Apache OpenOffice (AOO) Bugzilla – Issue 108371
cppu: preserve 128-bit stack alignment on x86 in cpp_uno/gcc3_linux_intel
Last modified: 2010-03-10 09:06:47 UTC
The gcc3 linux-intel-x86 ABI expects stack frames to be aligned to 128-bit (16-byte) boundaries. This is to allow optimised code to use SSE and SSE2 instructions with 128-bit operands, which segfault when used on (stack) memory operands violating 128-bit alignment. This is seen at http://bugs.gentoo.org/show_bug.cgi?id=292519 as a segfault during installation, when executing build/ooo310-m19/solver/310/unxlngi6.pro/bin/regcomp. The optimised code where the segfault occurs is in python internals, in PyString_Format. The issue is that the asm within cpp_uno/gcc3_linux_intel does not preserve 128-bit stack alignment. gcc3 assumes 128-bit alignment and emits code that preserves that alignment, but requires that asm also act to preserve alignment. I attach a patch to preserve alignment in cpp_uno/gcc3_linux_intel.

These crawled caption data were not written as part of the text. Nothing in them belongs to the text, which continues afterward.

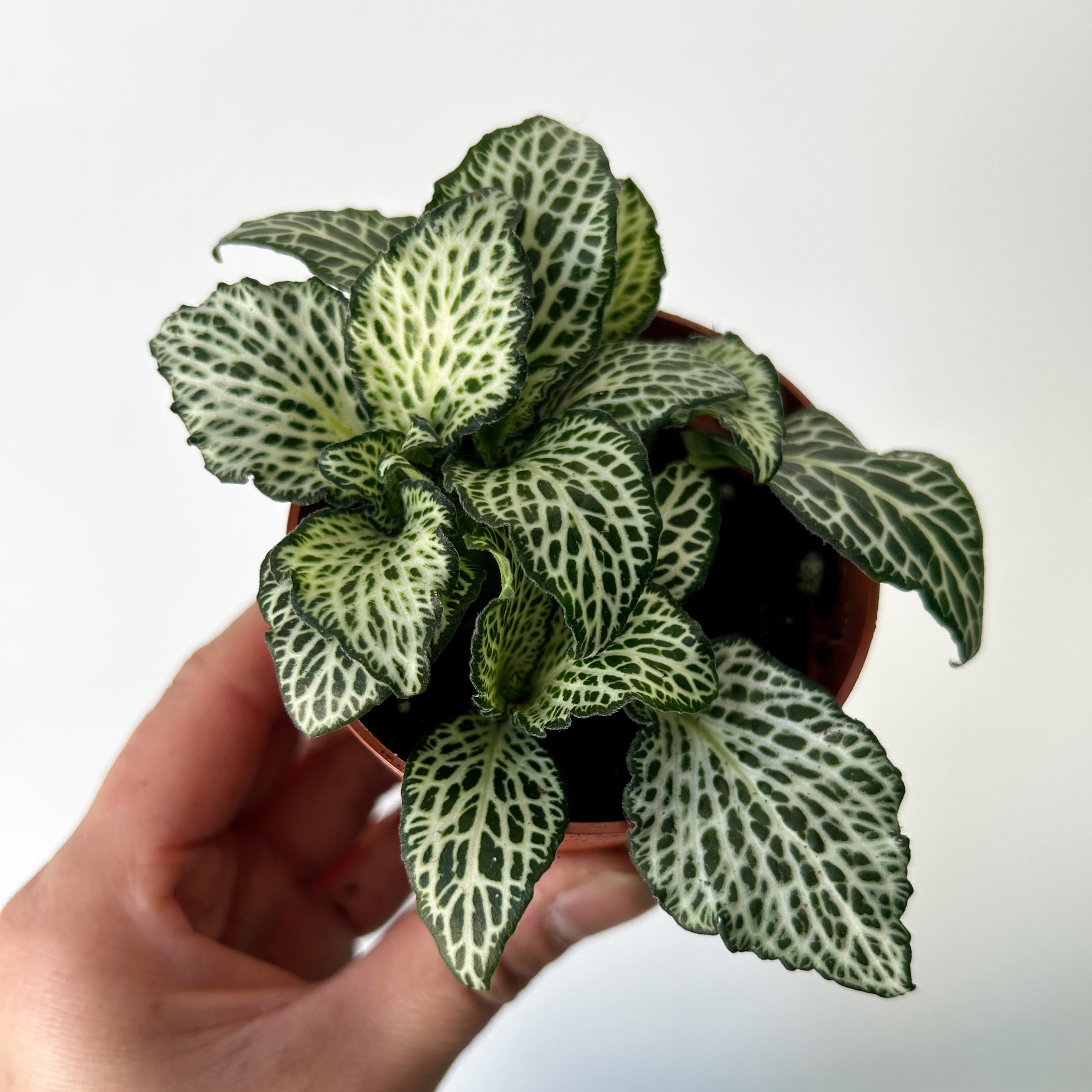 Nerve Plant (Fittonia) 2.75”pot
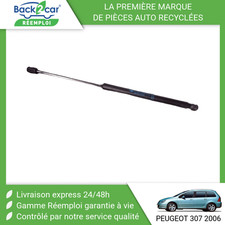 ? VERIN GAUCHE HAYON PEUGEOT 307 SW 2005- ➤8731F8 ?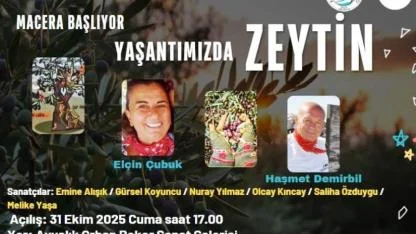 Ayvalık'ta  Zeytin Hikayesi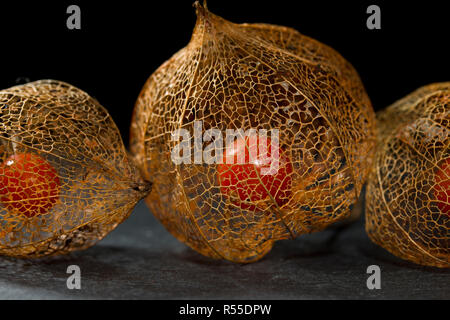 Dried flower skeleton of Chinese lantern plant (Physalis alkekengi) close up showing the red fruit seed inside on slate with a black background Stock Photo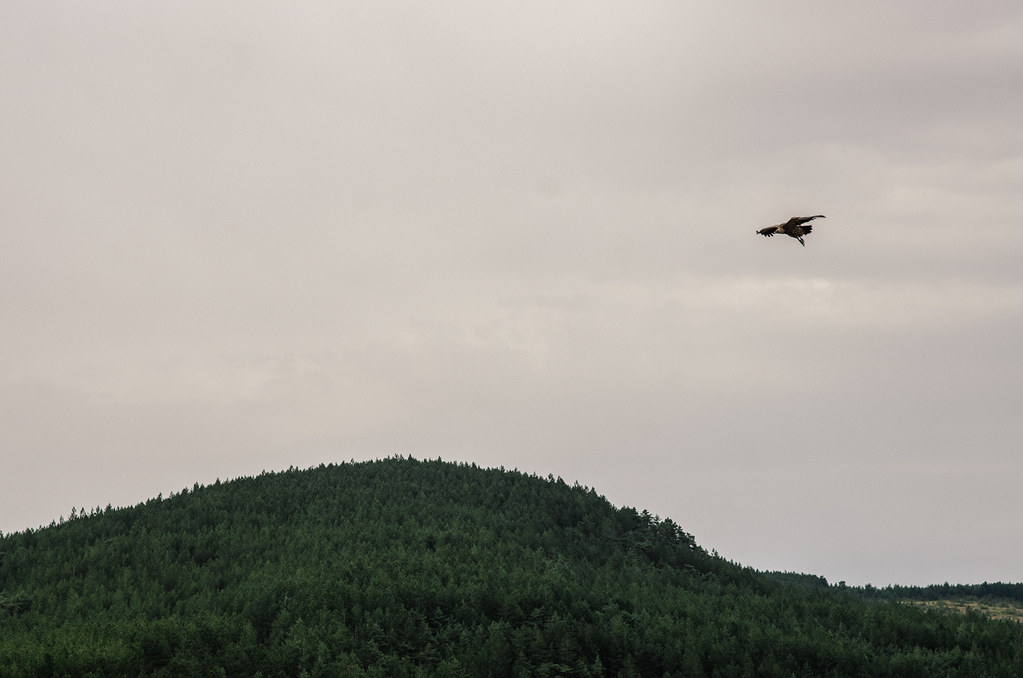 En Lozère, randonnée sous le signe des vautours - Carnet de voyage France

Created attachment 67229 [details] cpp_uno-align.diff
extremely interesting
@ecatmur: Do you happen to have a link to a relevant ABI specification? <http://ldn.linuxfoundation.org/lsb/lsb4-resource-page> seems to still only mandate the classical Sys V 32-bit alignment.
kr->sb: please take this over.
@sb: I think I'm remembering an assertion by Jakub Jelinek at http://gcc.gnu.org/bugzilla/show_bug.cgi?id=40838#c1 > ------- Comment #1 From Jakub Jelinek 2009-07-23 12:56 [reply] ------- > Linux/ix86 ABI says that stack must be 16 byte aligned. So GCC can rely on it. It seems rather contentious as to what the Linux x86 ABI is or if there even is one (there is a reference to a SYSV ABI, which I've never seen). Looking at that bug, I'm not really sure what gcc is doing about this issue; I don't understand H. J. Lu's comments or patches. In any case, any fixes will be to gcc 4.5 or later and won't make a difference to current distros' compilers.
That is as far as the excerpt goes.